And you know, speaking of The Commons: I trekked over there today (meh, not the sunniest day) and I have to say it's an impressive space. I walked around admiring the scope of the project, thinking "This is what Windows built. This is what Office built." I then reflected on the irony that it's Mr. Robbie Bach's Entertainment and Devices moving into the new campus with The Commons. Windows and Office funded this extravagant place for the folks who managed to burn through $8,000,000,000USD+ on the Xbox, be shown how it's done right from Nintendo with the Wii, dash the Zune against the juggernaut iPod, and have the iPhone drop-kick WinMobile to Mars.

Microsoft Senior Leadership Team is rewarding something here moving these people into such a great place, but it's not anything that I could make sense of while I wandered the new campus...

I'll update this post later with commentary about the quarterly results. In the meantime, some of my favorite places to track insights and opinions on MSFT quarterly results:

Update: closing the loop here a little bit later than I wanted (sorry, I was bounced off the grid for a while):

Wow: have a plunge in profits and get rewarded by your stock shooting up 10%+ in one day! Sweet! And by "Sweet" I mean none of this makes a lick of sense except to look at an article like Cost-cutting saves Microsoft stock after rough 3Q and realize that the market is supposedly rewarding the stock price and recognizing appreciation for the reduction in overhead and expenditures.

So now, we must have a plan to have constant announcements about reduction of expenditures.

Announcement #1: No more Company Picnic. Ever. Next?

What would be on your short list of things to cut back on? MGX? The Company Meeting? Beer at morale events? Soda? The Company Store? Whole product groups? Your group? Yeah, I don't know how often that last one makes the list. Though I have friends who have sniffed the way the FY10 wind is blowing and are getting the hell out of groups that have spent more time talking about what they are going to do than actually doing anything or - get this - shipping something to actual customers. You know, the type of groups that make Yahoo's Carol Bartz slip in the F-bomb.

I'm surprised to learn from Ms. Fried's Company Picnic article above that The Company Meeting is still on. As much as I love the Company Meeting, it was totally dead and gone to me in my mind. Talk about the most challenging Company Meeting ever. Yes, we'll have Win7 and coming in close Office 14, along with other emerging products.

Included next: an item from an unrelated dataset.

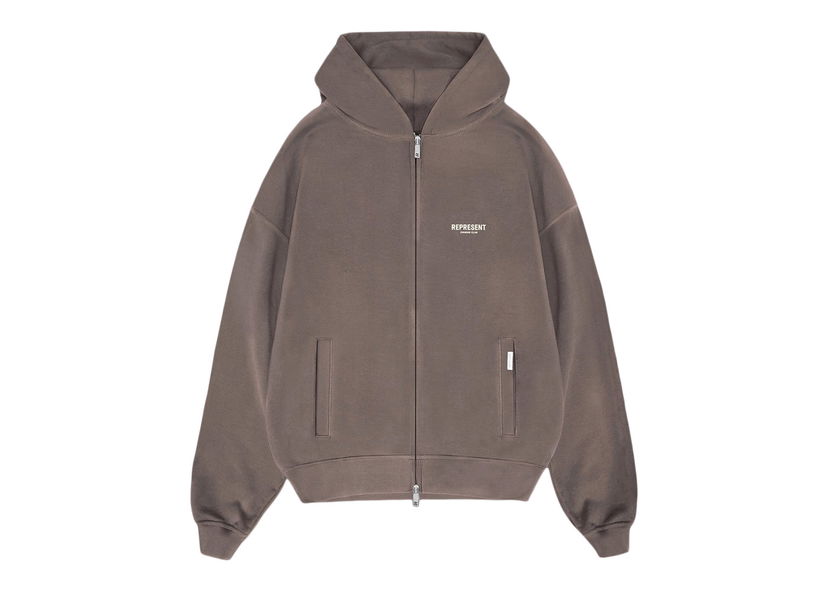 Mikina Represent Clo Represent Owners Club Zip Hoodie Fog Šedá | MH4039-292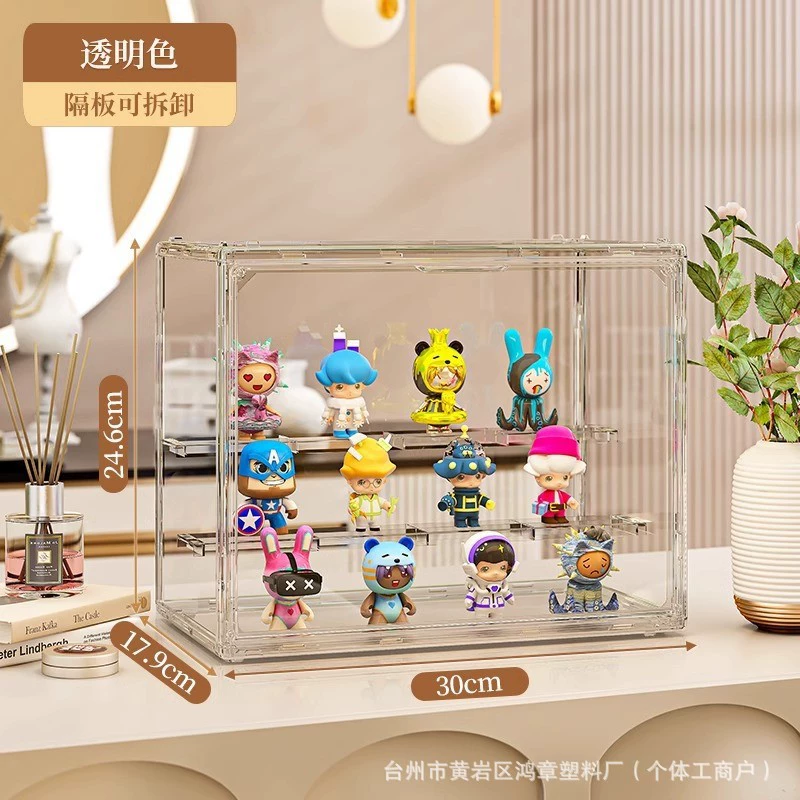 Shelf Rack Storage Box Wall-mounted Acrylic Clear — closet organizer wholesale pick on ClosetCraft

But how in the world to you manage to pull off a great Company Meeting within our current environment? You have to take the big issues head-on, and part of that will be looking at the upcoming MSPoll numbers and actually sharing with Microsofties who they hell were let go as part of the layoff. And why.

The Company Picnic boggled my mind just looking at the logistical nightmare it had turned into. Tell you what: if we reduce the company size back down to something reasonable, we should bring it back. But for now, I'll be happy with my group renting space for a family morale team event at Vasa Park.

CRF: unmoderated comment thread: Microsoft FY09Q3 Results.

Wednesday, April 15, 2009

Spitfire Backfire, Live Labs, and Not My 1,400

Here's a quick post before next Thursday's quarterly results. Given the layoffs in the last quarterly results I know there is some increased anxiety about any additional cost cutting Mr. Ballmer might be ready to unleash, like more staff reductions or, you know, "Hey congratulations on entering RC and all. Now... about that next release and, well, you specifically..."

Mr. Joseph Tartakoff over at paidContent has a post around further reductions: Microsoft Still On Track To Cut Another 3,600 Jobs.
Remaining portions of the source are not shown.